Brynjolf éclata d’un rire sec et moqueur, comme s’il trouvait l’hésitation du jeune garçon presque attendrissante.

« Ne t’en fais pas, p’tit gars, c’est rien de grave. Je connais des gens qui voudraient le voir s’éloigner du marché pendant quelque temps. Il va juste se retrouver coincé avec les gardes pour deux ou trois jours, le temps que tout ça se tasse. Rien de bien méchant, et après, tout redeviendra comme avant. C’est juste une petite farce qu’on lui fait ! »
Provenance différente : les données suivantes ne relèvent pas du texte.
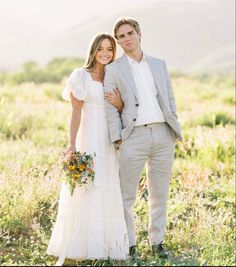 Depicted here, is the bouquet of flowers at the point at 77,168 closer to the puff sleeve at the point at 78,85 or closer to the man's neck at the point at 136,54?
the puff sleeve at the point at 78,85

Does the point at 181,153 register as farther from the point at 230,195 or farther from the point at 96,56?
the point at 96,56

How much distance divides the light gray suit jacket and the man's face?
0.10 meters

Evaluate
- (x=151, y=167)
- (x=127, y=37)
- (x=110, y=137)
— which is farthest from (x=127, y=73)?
(x=151, y=167)

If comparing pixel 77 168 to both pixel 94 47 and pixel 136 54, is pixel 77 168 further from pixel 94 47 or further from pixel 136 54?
pixel 136 54

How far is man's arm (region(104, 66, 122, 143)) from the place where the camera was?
5312 millimetres

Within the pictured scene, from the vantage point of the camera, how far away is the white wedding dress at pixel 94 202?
5352 millimetres

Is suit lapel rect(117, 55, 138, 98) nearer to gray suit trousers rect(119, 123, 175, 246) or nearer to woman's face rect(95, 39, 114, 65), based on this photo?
woman's face rect(95, 39, 114, 65)

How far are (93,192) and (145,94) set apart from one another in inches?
38.9

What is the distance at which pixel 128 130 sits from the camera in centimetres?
534

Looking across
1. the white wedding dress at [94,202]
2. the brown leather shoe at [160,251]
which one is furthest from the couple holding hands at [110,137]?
the brown leather shoe at [160,251]

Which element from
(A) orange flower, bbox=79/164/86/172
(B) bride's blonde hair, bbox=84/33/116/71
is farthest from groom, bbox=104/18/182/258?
(A) orange flower, bbox=79/164/86/172

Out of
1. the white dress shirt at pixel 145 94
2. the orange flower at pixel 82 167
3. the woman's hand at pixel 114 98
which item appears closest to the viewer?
the orange flower at pixel 82 167

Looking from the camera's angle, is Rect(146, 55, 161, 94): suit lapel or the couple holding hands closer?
the couple holding hands

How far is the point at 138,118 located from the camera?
17.7 ft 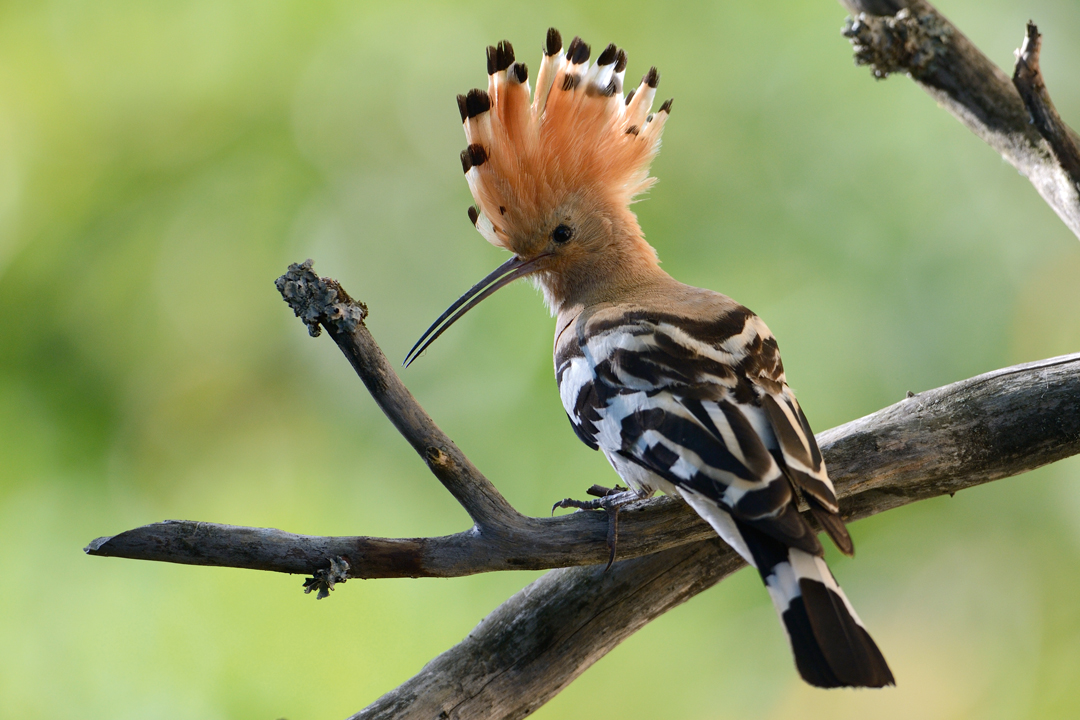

Hroar acquiesça silencieusement, mais les paroles de Brynjolf étaient loin de l’apaiser. Une farce ? Quel genre de farce envoyait quelqu’un en prison, même pour quelques jours ? Il jeta un coup d’œil à François, qui n’avait pas l’air de partager ses doutes. Son ami n’hésitait jamais, et c’était l’une des raisons pour lesquelles il se laissait souvent entraîner dans ses aventures. Mais cette fois, c’était totalement différent.

François, pressé de commencer, l’entraîna vers l’étal de Brand-Shei. Hroar suivit, le cœur lourd. La foule du marché lui paraissait soudain lointaine, comme un murmure étouffé. Le Dunmer n’avait rien fait pour mériter cela. Et pourtant, le jeune garçon sentait qu’il n’avait guère d’autre choix que de suivre son ami, par loyauté, peut-être, ou par peur de le décevoir.

« C’est dégueulasse ce qu’on fait, François, murmura-t-il en approchant de l’étal. Il a toujours été gentil avec nous, Brand-Shei ! Comment on peut lui faire ça ?

— Écoute, Hroar, tu comprends pas, répondit François à voix basse en jetant des coups d’œil autour de lui pour s’assurer qu’ils n’étaient pas écoutés. Brynjolf, il nous teste, là. Si on fait ça bien, on entrera dans la Guilde. C’est notre chance !

— Mais à tous les coups c’est Maven Roncenoir qui a dit à Brynjolf de faire ça ! Justement parce Brand-Shei, il est trop gentil avec nous ! On voulait l’empêcher de faire du mal, et là on fait exactement ce qu’elle veut ?! On trahit l’orphelinat !

— On sait pas si c’est elle. Mais si on entre dans la Guilde, on pourra déjouer ses plans de l’intérieur. Crois-moi, Hroar, c’est notre seule chance de faire bouger les choses ! »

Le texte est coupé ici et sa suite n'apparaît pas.